I picked up the new 5th Edition D&D Dungeon Master’s Guide today at one of my FLGS’s (and scored a 20% discount because it’s Black Friday, which was totally unexpected but welcome nonetheless). The regular street date is December 9th, but stores that are part of the Wizards Play Network can sell it as of today.
First overall impression; this is without a doubt a book aimed at new DMs, rather than a reference book or book of options aimed at experienced players. That doesn’t mean that there isn’t anything of value for more experienced gamers, there is, but the emphasis is clearly on holding newer DMs by the hand and teaching them how it’s done. That approach, I am certain, is not an accident.

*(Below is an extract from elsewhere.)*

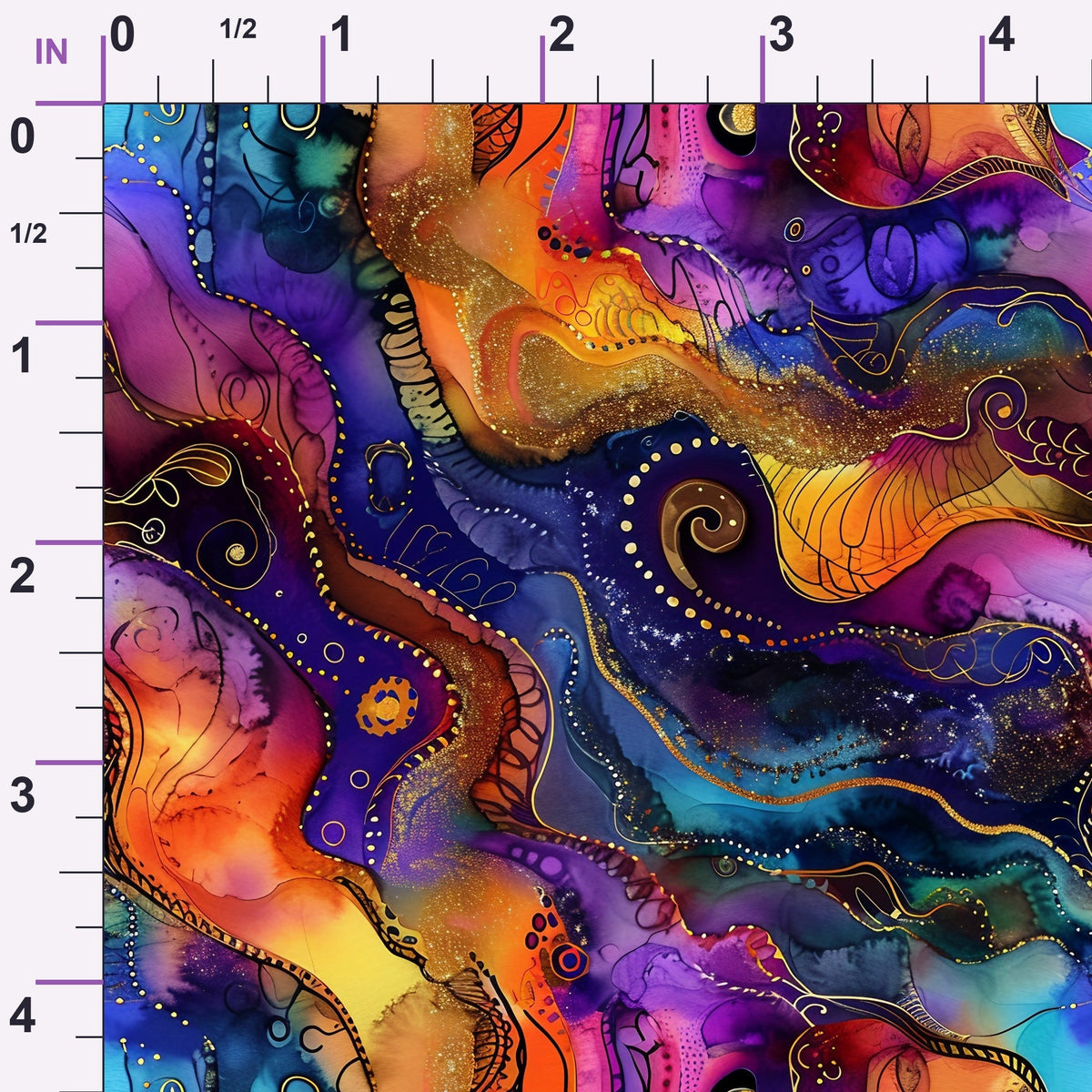 Geode Glow Pattern 3 Minky Fabric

Aesthetically, it’s a beautiful book. There is a ton of artwork throughout, with varying styles, which is something I really like and which hearkens back to the original AD&D books, which had art by multiple artists. It ranges from the creepy to the heroic to the downright silly (I refer especially to the “chibi modrons” on p. 66, accompanying the description of the plane of Mechanus). The pages all have a faux parchment background, but I didn’t find it a distraction and it doesn’t seem to interfere with the text or diagrams, as some similar things have done in past books.

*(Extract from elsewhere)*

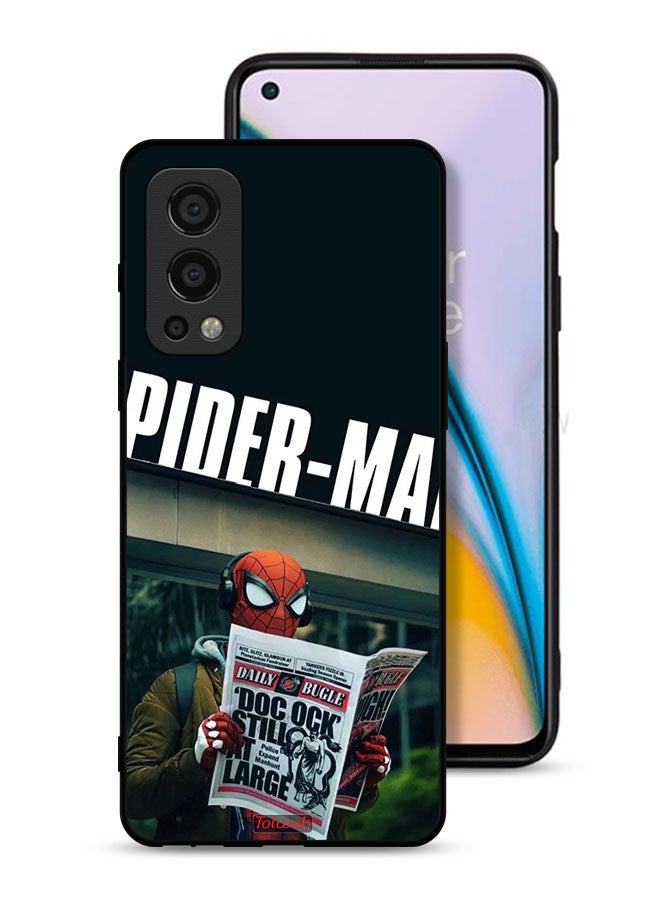 Tolwak OnePlus Nord 2 5G Protective Case Cover Spiderman Reading Newspaper - Image 1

Specific references to published campaign settings like Greyhawk or Krynn are few and far between, but are definitely present, and even 4th edition fans are thrown a bone as the Dawn War pantheon (the default pantheon of deities for 4E) is used as the sample pantheon in the “Gods of Your World” section. They are covering all the bases.

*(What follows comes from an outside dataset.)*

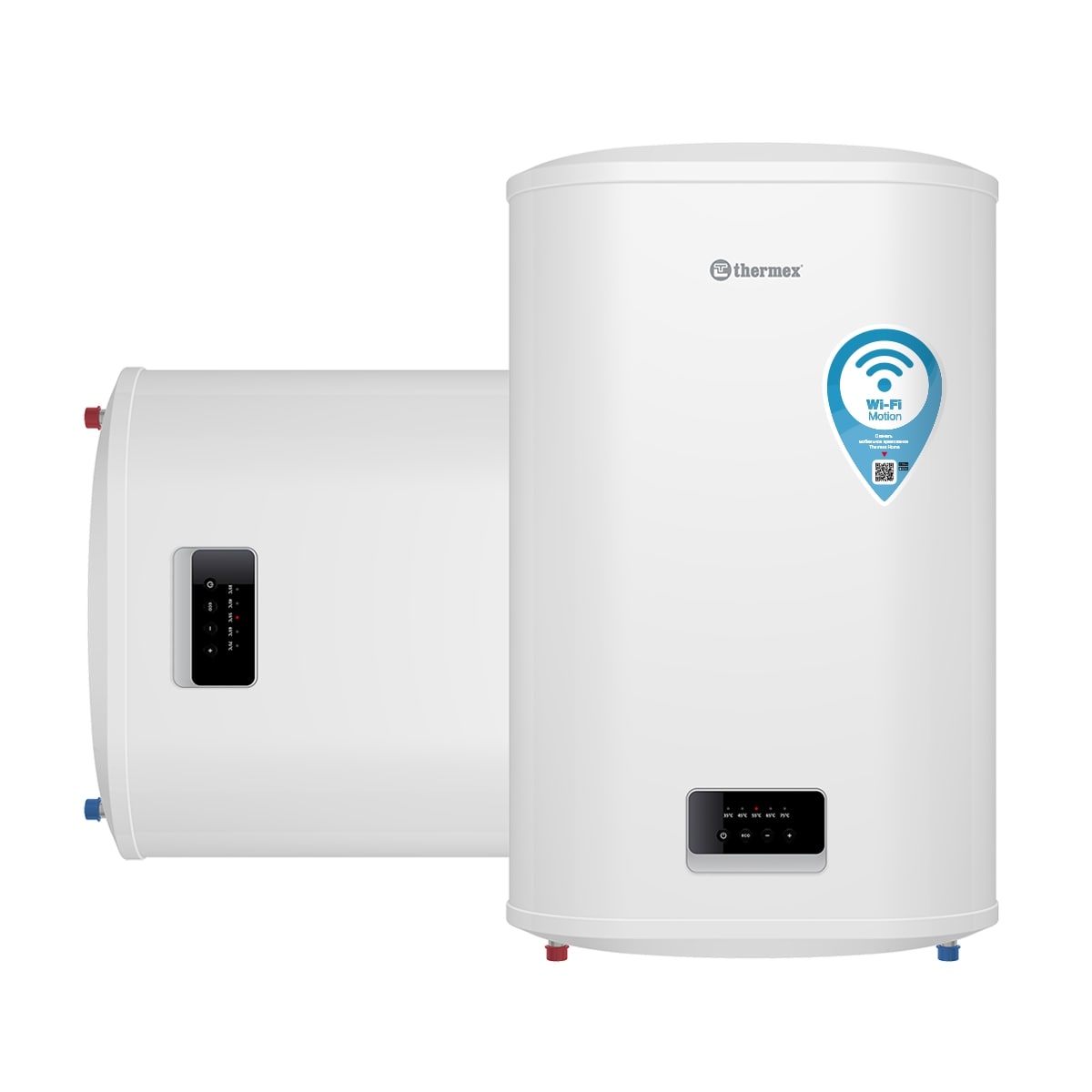 Водонагреватель накопительный Thermex Bravo 80 Wi-Fi, плоский, белый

There are sections on campaign events, a few options for evil characters, random downtime tables, and detailed rules for a more grid-reliant combat system that includes facing, flanking, etc. We finally get random encounter tables based on terrain and CR (although they’re not proper encounter tables from a 1E point of view; they’re more lists of creatures, and would need the DM to turn them into roll-this-get-this-encounter format), descriptions of the planes, and of course we now have extensive lists and descriptions of magic items (I haven’t done a full comparison, but it looks as if nearly every item is illustrated, which is a nice touch). There are also treasure tables which are tied to CR.
But the star of the book is the advice for new DMs. From guidelines on tailoring adventures to the tastes of your players, to creating campaign worlds (including pantheons, mapping, settlements, campaign events and when to use and not use them, different flavors of fantasy such as sword and sorcery vs. mythic fantasy, how to create adventures (including different types of adventures such as wilderness, dungeon, mysteries, etc.), how to create specific encounters (and a nice overview of random encounters and why they can be useful – yay!), motivations for villains, mapping dungeons, and how to stock dungeons. There are even some rules and guidelines for dealing with crossing genres (there are rules for using alien technology, for instance, and firearms). All that is nice for experienced DMs to review, and often comes with handy tables (although they must perforce be somewhat generic), but the intended audience is clear.
On the whole the 5E DMG looks to be a very good book. Experienced DMs will find a lot of useful tables, and the magic item and planar descriptions will be especially useful. Some DMs will find the enhanced combat options indispensable, while most will be able to turn the CR encounter lists into meaningful encounter tables.
But beginning DMs will find this an enormous resource, and will be well rewarded by a close cover-to-cover reading. It goes far beyond the “what is a roleplaying game?” introductory material into the nuts and bolts of campaign and adventure design, as well as resources and guidelines for running a game at the table.
Another solid rulebook for 5th edition.